Seven-run third inning powers Twins past Blue Jays
Published in Baseball
TORONTO – In front of a sellout crowd at Rogers Centre, a couple of home run swings from Brooks Lee and Trevor Larnach took the energy out of the building.
And Joe Ryan made sure to keep it that way in a 7-4 victory over the Toronto Blue Jays on Saturday in front of an announced crowd of 41,591.
Ryan gave up a two-run homer to Daulton Varsho in the first inning, then dominated afterward. He yielded two hits and two runs in a season-high seven innings for his second consecutive victory.
The Twins exploded for a seven-run third inning, matching their highest run total in an inning this year as the batted around their lineup.
It started when Lee opened the second inning with a solo home run, lofting a fastball to the ledge of the left-field wall. The ball bounced over the wall, and Lee was rewarded with his second homer in as many games, both coming as a right-handed batter.
The Twins have homered in a Rogers Centre-record 25 consecutive games.
Toronto left-hander Eric Lauer then labored through his second trip through the Twins lineup. Byron Buxton reached on an infield single, a dribbler toward third base. Austin Martin lined a single to left field. The Twins loaded the bases after a walk, then scored the tying run with a bases-loaded, four-pitch walk to Ryan Jeffers.
Josh Bell followed with a fly ball that dropped in center field for a two-run single. Varsho, Toronto’s center fielder, was lined up too deep to make a play on the ball.
Two batters later, Larnach broke the game open with a three-run homer to right field, crushing a 91-mph fastball that sat over the middle of the plate. Larnach earned a rare start against a left-handed pitcher because manager Derek Shelton planned an off day for Matt Wallner, who was the only Twins player to appear in each of the first 14 games of the season.
Larnach’s first home run of the year was his third against a left-handed pitcher since the start of the 2022 season.
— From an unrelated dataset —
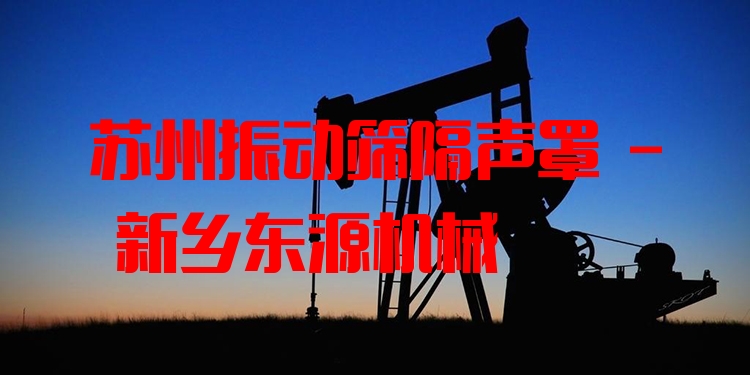 蘇州振動篩隔聲罩 - 新鄉(xiāng)東源機(jī)械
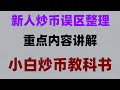 #比特币在中国可以买吗。#买比特币平台 #比特币怎么买##欧易被封 #中国usdt交易所 #币安网址买卖BTC|8台S19。教会你怎么办在新加坡地区购买etheth。欧易okx新加坡用户还能注册么？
That was all the help Ryan needed to give the Twins their fifth victory in six games.
Ryan had the Twins in a two-run deficit after his first two batters. He issued a leadoff walk to George Springer, then watched Varsho crush an elevated 94-mph fastball into the Twins bullpen beyond the right-field wall.
It was the first homer Ryan surrendered this season.
Maybe Varsho’s homer had a calming effect. How else do you explain the way he dominated afterward? Ryan retired 20 of his next 22 batters, including his last 12 in a row. He plunked Nathan Lukes with a pitch to begin the second inning, and he immediately erased it with a double play.
Ryan had five innings where he threw 12 or fewer pitches. He started 19 of his 24 batters with a first-pitch strike, and it was like a chess grandmaster asking a novice to pick how he wanted to lose. A lot of pop flies. A lot of weak groundouts. And he sprinkled in some strikeouts.
Adding injury to a rough game offensively, Springer broke his left big toe when he fouled a pitch off his foot in the third inning, the team announced. The designated hitter completed his at-bat with a groundout, but he did not return. The Blue Jays already have three starting position players and three starting pitchers on the injured list.
Toronto finally cut into its deficit when Jesús Sánchez launched a two-run homer off Cole Sands, but the Twins right-hander retired the next three batters to finish off the game.